In December, I spent about 3 weeks visiting Stockholm, Sweden. It was my third time there, but it was the first time I really explored the city on my own.
I spent a fair amount of time studying abroad (a full academic year's worth of credit, to be precise), and have hit more art museums than I think I could recount. But, if I try to remember the highlights, I cannot remember a single photography museum in the mix anywhere. Maybe I missed out. Maybe I went to a handful that weren't memorable. Whatever the reason, photography museums just haven't seemed to stick to travel memories. That is, they haven't until I spent a rainy Saturday morning at Fotografiska.
Fotografiska is an incredible museum for lots of reasons: it's location, it's exhibit quality, it's space, and it's café.
I started on the ground floor with an Elliott Erwitt exhibit that was, by far, my favorite of the lot. A ten minute documentary, "I Bark at Dogs", shed light on the artist's career, aesthetic, and sense of humor. I particularly loved the bit about his "friend", André S. Solidor. The friend, "ASS" for short, turns out to be his irreverent and hilarious alter-ego, whose work, goals, and views about Photoshop are as diametrically opposed to Erwitt's as possible. The "two" artists - and their works - share nothing other than a remarkable sense of humor.
But Fotografiska offers more than just solid exhibits in beautifully designed space; the bistro, which sits atop the museum, offers sweeping views of the city along the water. The decor is cozy and chic, the outlets aren't overly scarce, the lattes are hot, and the pastries are seriously decent. If I ever end up living here, I think I'll purchase a museum pass just for open access to this lovely café.

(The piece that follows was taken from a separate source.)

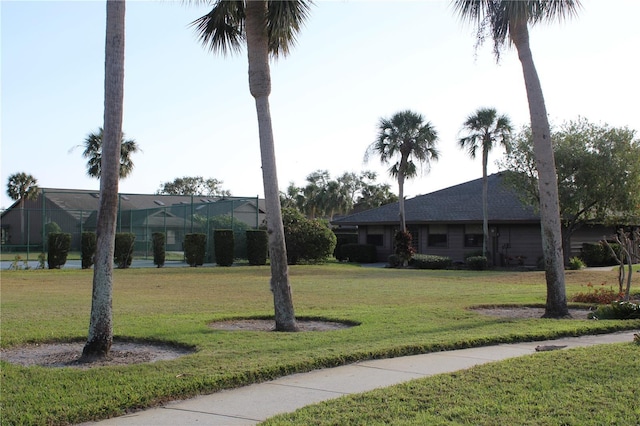 single story home featuring a front lawn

Finally, it's got one of the best gift shops I've seen in a while. I hate to even called the thing a "gift shop" because the moniker denotes some kind of last ditch effort to profit off patrons by selling them cheesy junk. The shop at Fotografiska is full of all kinds of neat finds, ranging from stunning coffee table books, to beautiful journals, to unusual but readable nonfiction books, and a wide assortment of unusual and clever "stocking stuffer" finds. I walked out with a surprisingly fun (though extremely nerdy) book called Is that a Fish in Your Ear?: The Amazing Adventure of Translation and am enjoying reading it right now.